Table of contents

Generative Adversarial Networks (GANs) are one of the hot topics within Deep Learning right now and are applied to various tasks, ranging from un/semi-supervised learning to generating images. These networks were originally introduced by Ian Goodfellow et al. in 2014:

We propose a new framework for estimating generative models via an adversarial process, in which we simultaneously train two models: a generative model G that captures the data distribution, and a discriminative model D that estimates the probability that a sample came from the training data rather than G. The training procedure for G is to maximize the probability of D making a mistake. This framework corresponds to a minimax two-player game. (arXiv source)

In this post I’ll show you my first experiments with these types of networks. As with almost any new technique we will apply it to a common benchmark dataset, in this case MNIST. MNIST is particular useful as its images are only small (28x28 pixels) and have only 1 color; this makes generating images a lot more feasible. After reading this post you should be able to generate your own fake ~~hand~~computerwritten digits!

Showing generated images based on the same noise vector during training. Total training time was 10,000 iterations with one image saved each 500 iterations.

Just to note: GANs are very hard to train and require a lot of tuning to get working. I tried many different setups and parameters before I got the results of this post. Even something small as changing the optimizer or tuning the learning rate can have large effects. So, if you are starting with GANs, prepare yourself for a lot of tweaking!

For convenience I use Keras (and Python 3.5) in this tutorial as it is less verbose than, for example, Tensorflow. Though, these results can easily be reproduced using other frameworks. The networks were trained using a Tensorflow backend on a Titan X GPU. These examples can also be trained on smaller GPUs, just change the batch size accordingly.

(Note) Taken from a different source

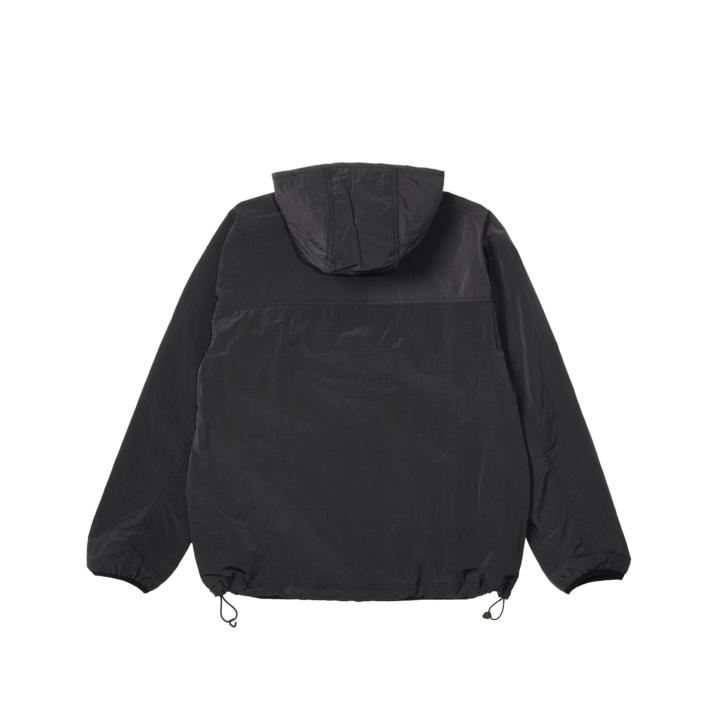 Thumbnail MESH POCKET SHELL JACKET BLACK one color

The full source code of this post is also available as a Jupyter notebook and can be found in my deep learning resource repository.

Let’s dive in!

Example images from the MNIST dataset mixed with generated images. Can you distinguish which ones are generated and which ones are real? See the end of the post for the answers.

Defining the discriminator

In our two-player game the discriminator takes the role of the police: given an image it has to determine whether the image is fake or not. With this requirement, the input of our discriminator network is a (28x28x1) input patch, equal to the dimensions of a single MNIST image. The output is a single node (1 for real, 0 for fake). The setup of the networks is roughly based on the DCGAN paper and one of its implementations.

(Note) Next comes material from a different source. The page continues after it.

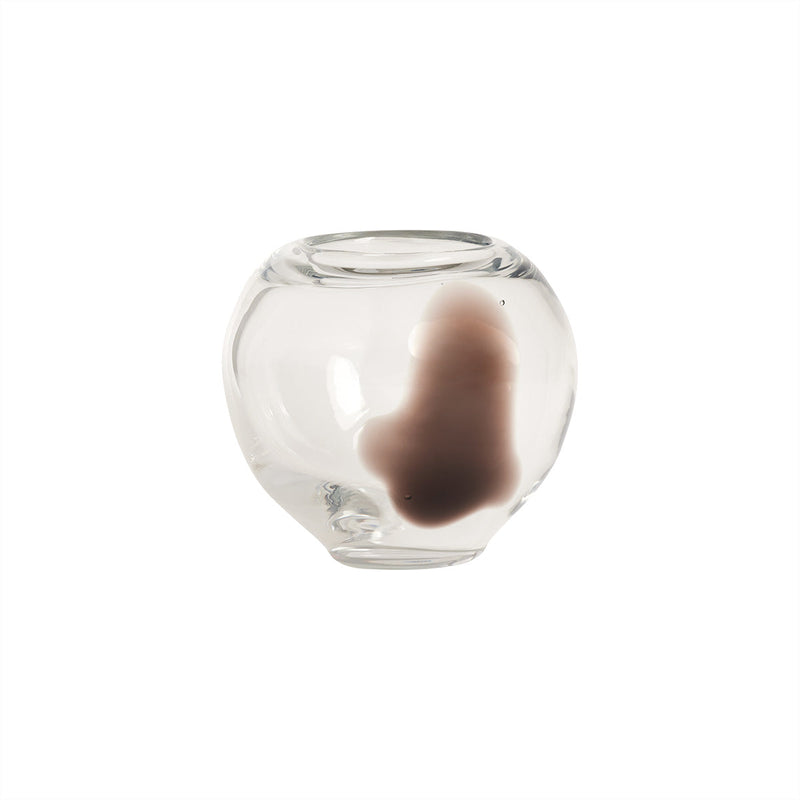 media image for jali small vase in choko 1 21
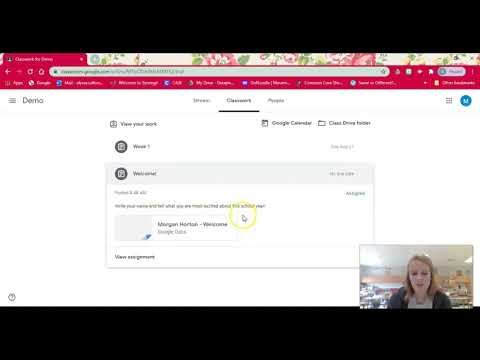 How To Navigate Google Classroom for Parents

The original setup of the DCGAN generator. The network architecture of this post is adapted to work with the smaller size of the the MNIST images.

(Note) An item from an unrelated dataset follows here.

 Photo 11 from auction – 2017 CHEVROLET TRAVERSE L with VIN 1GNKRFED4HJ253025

The network definition is defined below using a Keras Sequential model. I use LeakyReLU in between the convolution layers to improve the gradients.

def discriminator():
    
    net = Sequential()
    input_shape = (28, 28, 1)
    dropout_prob = 0.4

    net.add(Conv2D(64, 5, strides=2, input_shape=input_shape, padding='same'))
    net.add(LeakyReLU())
    
    net.add(Conv2D(128, 5, strides=2, padding='same'))
    net.add(LeakyReLU())
    net.add(Dropout(dropout_prob))
    
    net.add(Conv2D(256, 5, strides=2, padding='same'))
    net.add(LeakyReLU())
    net.add(Dropout(dropout_prob))
    
    net.add(Conv2D(512, 5, strides=1, padding='same'))
    net.add(LeakyReLU())
    net.add(Dropout(dropout_prob))
    
    net.add(Flatten())
    net.add(Dense(1))
    net.add(Activation('sigmoid'))
    
    return net

The full network structure is as follows:

Layer (type) Output Shape Param #

conv2d_1 (Conv2D) (None, 14, 14, 64) 1664

leaky_re_lu_1 (LeakyReLU) (None, 14, 14, 64) 0

conv2d_2 (Conv2D) (None, 7, 7, 128) 204928

leaky_re_lu_2 (LeakyReLU) (None, 7, 7, 128) 0

dropout_1 (Dropout) (None, 7, 7, 128) 0

conv2d_3 (Conv2D) (None, 4, 4, 256) 819456

leaky_re_lu_3 (LeakyReLU) (None, 4, 4, 256) 0

dropout_2 (Dropout) (None, 4, 4, 256) 0

conv2d_4 (Conv2D) (None, 4, 4, 512) 3277312

leaky_re_lu_4 (LeakyReLU) (None, 4, 4, 512) 0

dropout_3 (Dropout) (None, 4, 4, 512) 0

flatten_1 (Flatten) (None, 8192) 0

dense_1 (Dense) (None, 1) 8193

activation_1 (Activation) (None, 1) 0

Total params: 4,311,553 Trainable params: 4,311,553 Non-trainable params: 0

Defining the generator

The task of the generator, also known as “the counterfeiter”, is to fool the discriminator by producing real-looking images. These images should eventually resemble the data distribution of the MNIST dataset. The generator uses random noise as input.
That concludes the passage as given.